# A7R3 weather sealing teardown by Uncle Rog at LR



## ahsanford (Feb 20, 2018)

Worth a look:

https://www.lensrentals.com/blog/2018/02/taking-apart-the-sony-a7riii-in-search-of-better-weather-sealing/?utm_source=facebook&utm_medium=cpm&utm_content=Taking+Apart+The+Sony+A7rIII+%E2%80%93+In+Search+of+Better+Weather+Sealing&utm_campaign=blog+posts
_
"Sony spoke truly. Except for the bottom this camera has thorough and extensive weather sealing, as good as any camera I’ve seen. (Before you Pentax guys start, I have not taken apart a Pentax so it may be completely sealed in a super glue matrix for all I know.)

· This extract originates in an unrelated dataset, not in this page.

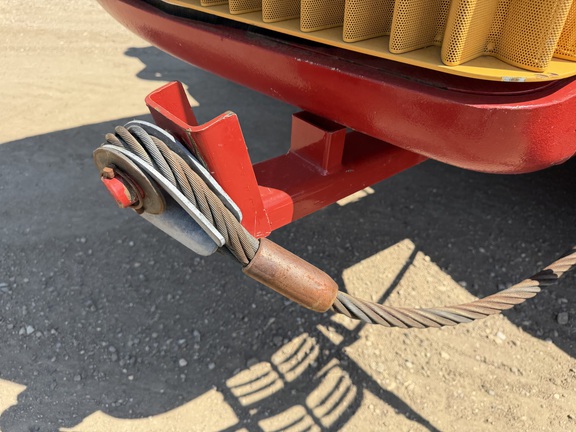 2019 Versatile 460 - Photo16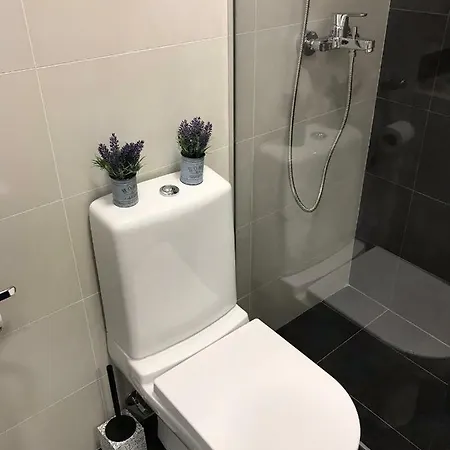 Sfera Apartment Novi Sad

That being said, the bottom of the camera is not protected worth a damn."_

He later went on to reference the Imaging Resource video I think a number of us have seen:
https://www.youtube.com/watch?v=c7BG74w0gAw

- A


----------



## BeenThere (Feb 20, 2018)

Bottom line is don't set the camera in a puddle of water.


----------



## Larsskv (Feb 20, 2018)

This reminds me of the teardown of the Sony FE 35 mm f1.4. It was heavily weather sealed, but Sony somehow forgot the seal around the lens mount!! I can’t imagine what they are thinking. Why do an effort and take the expense of carefully sealing every button and dial, the top part, and then just neglect the bottom part of the camera?

This is Sony logic, and I don’t get it. It makes me highly skeptical in buying any Sony product, and especially skeptical in investing in their cameras and lenses. On the good side, it makes me appreciate my Canon gear more.


----------



## Don Haines (Feb 20, 2018)

BeenThere said:


> Bottom line is don't set the camera in a puddle of water.



Or shoot portrait mode......


----------